- _DESCRIPTION OF THE TASK_
Print the entries below word for word; the pictures stay out of your copy.

Stored entries:
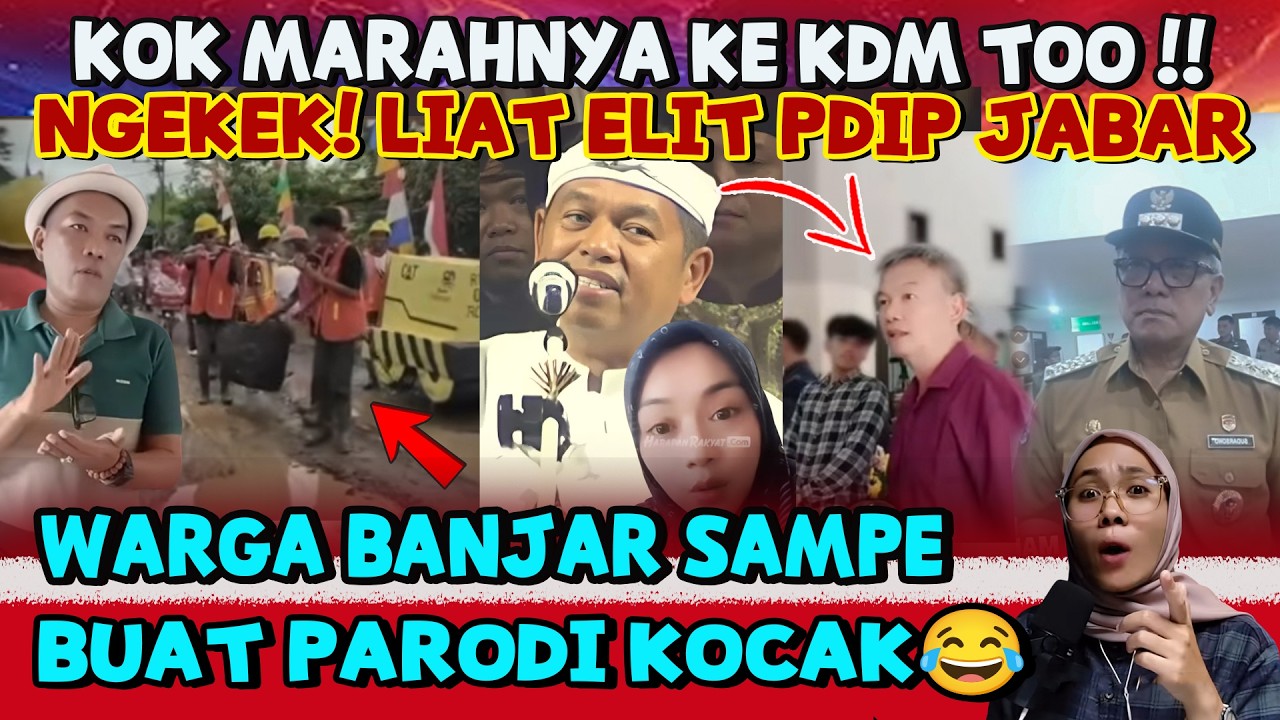 YASSALAMM! ELIT PDIP JABAR NGAMBEK 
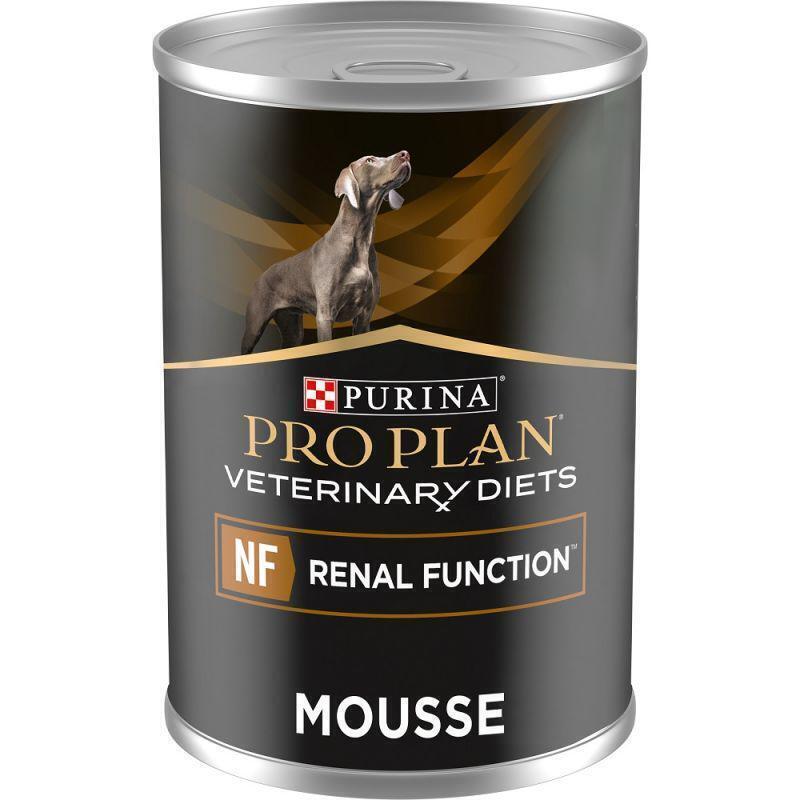 Purina Pro Plan Veterinary Diets Canine NF Renal Function Dog Food Wet 6 , 12 x 400g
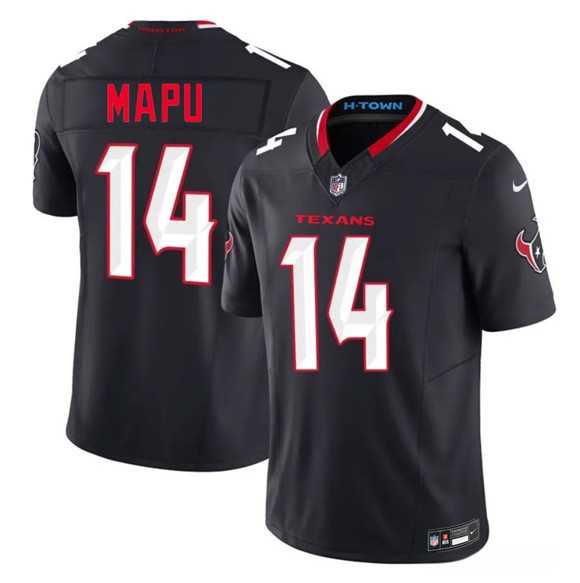 Men's Houston Texans #14 Marte Mapu Navy 2nd Alternate 2026 F.U.S.E. Vapor Limited Stitched Jersey Dzhi,We sell and wholesale Men's Houston Texans #14 Marte Mapu Navy 2nd Alternate 2026 F.U.S.E. Vapor Limited Stitched Jersey Dzhi on line form chian!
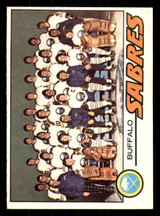 1977-78 O-Pee-Chee #73 Buffalo Sabres Team Ex-Mint 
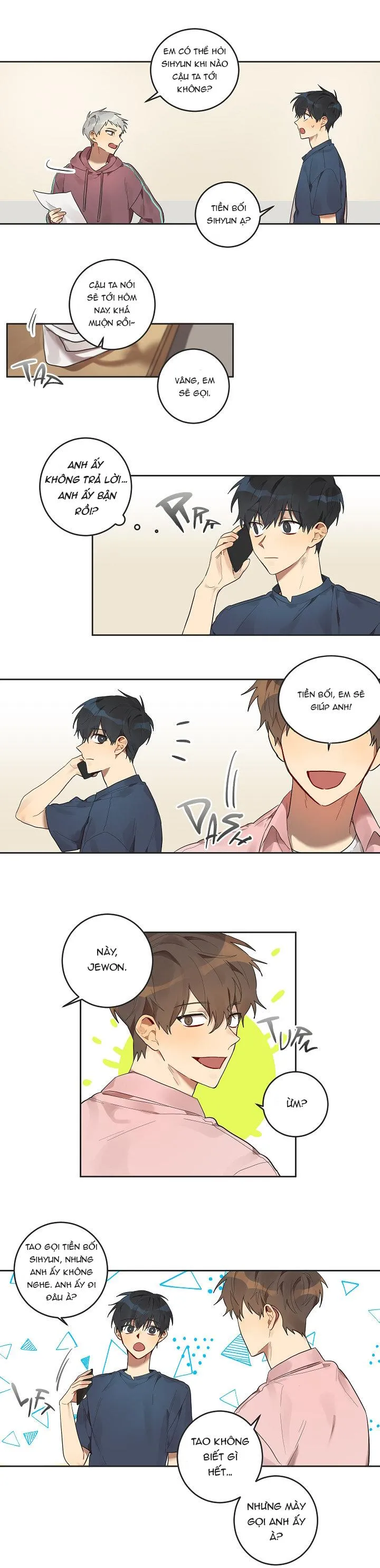 When Our Names Match Chapter 5 Trang 10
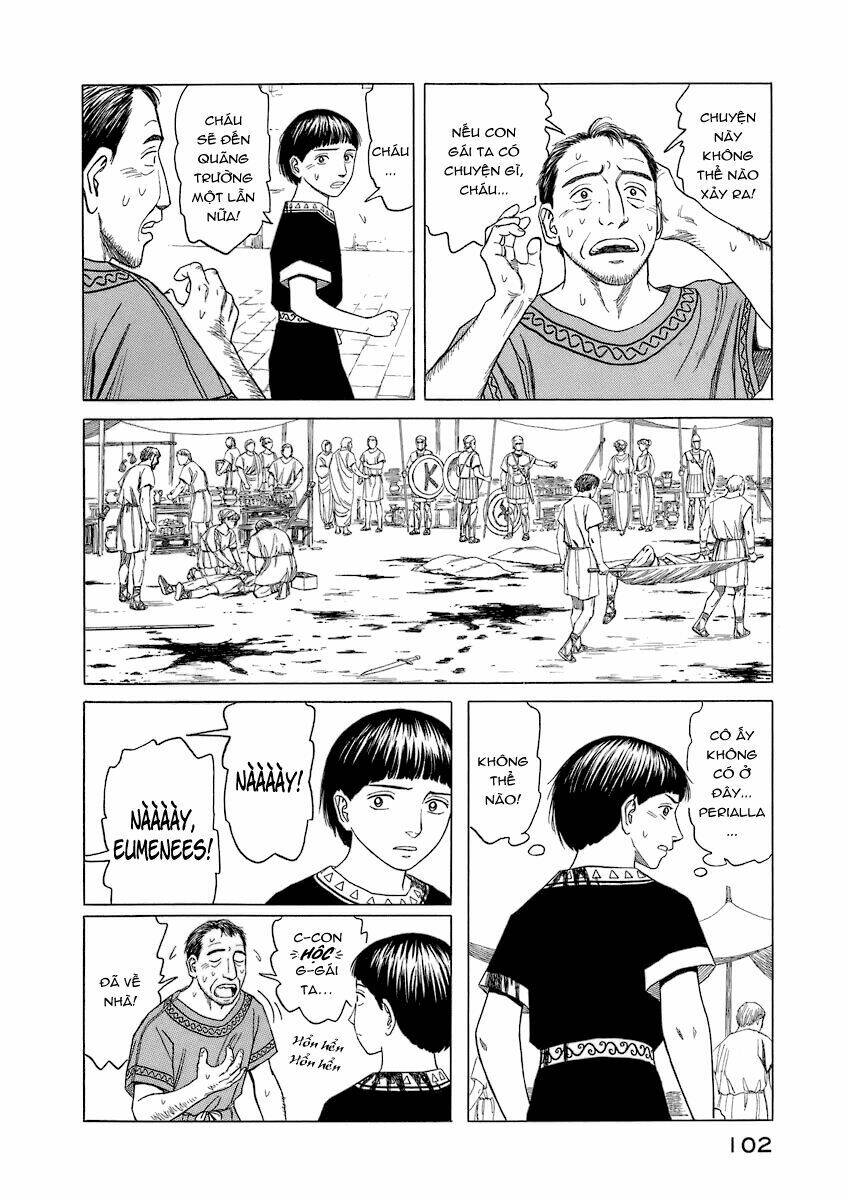 thư ký của alexandros đại đế chapter 14 14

- _SOLUTION FOR THIS TASK_
 YASSALAMM! ELIT PDIP JABAR NGAMBEK 
 Purina Pro Plan Veterinary Diets Canine NF Renal Function Dog Food Wet 6 , 12 x 400g
 Men's Houston Texans #14 Marte Mapu Navy 2nd Alternate 2026 F.U.S.E. Vapor Limited Stitched Jersey Dzhi,We sell and wholesale Men's Houston Texans #14 Marte Mapu Navy 2nd Alternate 2026 F.U.S.E. Vapor Limited Stitched Jersey Dzhi on line form chian!
 1977-78 O-Pee-Chee #73 Buffalo Sabres Team Ex-Mint 
 When Our Names Match Chapter 5 Trang 10
 thư ký của alexandros đại đế chapter 14 14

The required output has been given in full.